From her place under the tree—actually sitting with her back against the tree's trunk—Lisey looked up, almost as startled as she would have been if Scott's ghost had hailed her by name. In a way she supposed that was just what had happened, and really, why should she be surprised? Of course he was talking to her, her and no one else. This was her story, Lisey's story, and even though she was a slow reader, she had already worked her way through a third of the handwritten notebook pages. She thought she'd finish long before dark. That was good. Boo'ya Moon was a sweet place, but only in the daylight.

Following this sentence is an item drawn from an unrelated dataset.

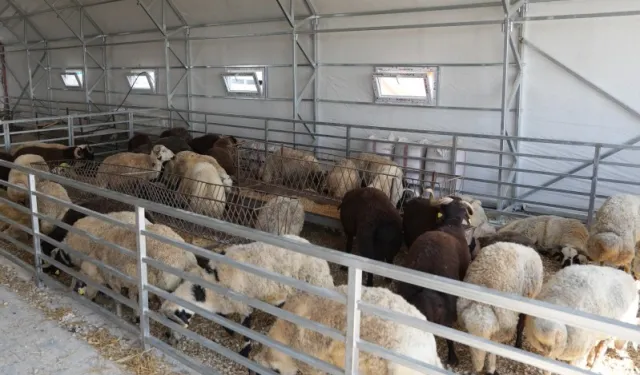 Hayvan pazarı geçici süreyle kapatıldı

She looked back down at his last manuscript and was again amazed that he had lived through his childhood. She noted that Scott had lapsed into the past tense only when addressing her, here in her present. She smiled at that and resumed reading, thinking if she had one wish it would be to fly to that lonely kid on her highly hypothetical flour-sack magic carpet and comfort him, if only by whispering in his ear that in time the nightmare would end. Or at least that part of it.

14

I've thought about that a lot, Lisey, and I've come to two conclusions. First, that whatever got Paul was real, and that it was a kind of possessing being that might have had some perfectly mundane basis, maybe even viral or bacteriological. Second, it was not the long boy. Because that thing isn't like anything we can understand. It's its own thing, and better not thought of at all. Ever.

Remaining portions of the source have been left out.